Repeat exactly, and only, the lines of the entries below from the one with "JTEBU5JR9J5504148 - 2018" through the one with "Park, FL 32065", both ends included.

── AVAILABLE RECORDS

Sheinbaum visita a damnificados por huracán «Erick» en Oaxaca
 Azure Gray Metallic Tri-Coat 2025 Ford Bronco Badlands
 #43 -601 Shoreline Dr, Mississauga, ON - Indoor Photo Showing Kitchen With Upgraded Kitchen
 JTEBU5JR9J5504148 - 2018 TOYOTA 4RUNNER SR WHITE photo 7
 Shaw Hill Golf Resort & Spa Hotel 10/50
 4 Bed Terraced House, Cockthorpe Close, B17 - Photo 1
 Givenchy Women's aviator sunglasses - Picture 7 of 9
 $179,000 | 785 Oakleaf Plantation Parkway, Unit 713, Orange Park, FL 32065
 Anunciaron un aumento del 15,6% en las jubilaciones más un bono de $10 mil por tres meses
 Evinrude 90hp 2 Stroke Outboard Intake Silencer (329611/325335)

────
── AVAILABLE RECORDS

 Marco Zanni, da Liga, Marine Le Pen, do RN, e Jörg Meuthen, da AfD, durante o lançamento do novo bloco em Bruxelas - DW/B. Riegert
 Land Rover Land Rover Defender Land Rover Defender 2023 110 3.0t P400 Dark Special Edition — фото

────

■ **RESPONSE TO THIS EXERCISE**
 JTEBU5JR9J5504148 - 2018 TOYOTA 4RUNNER SR WHITE photo 7
 Shaw Hill Golf Resort & Spa Hotel 10/50
 4 Bed Terraced House, Cockthorpe Close, B17 - Photo 1
 Givenchy Women's aviator sunglasses - Picture 7 of 9
 $179,000 | 785 Oakleaf Plantation Parkway, Unit 713, Orange Park, FL 32065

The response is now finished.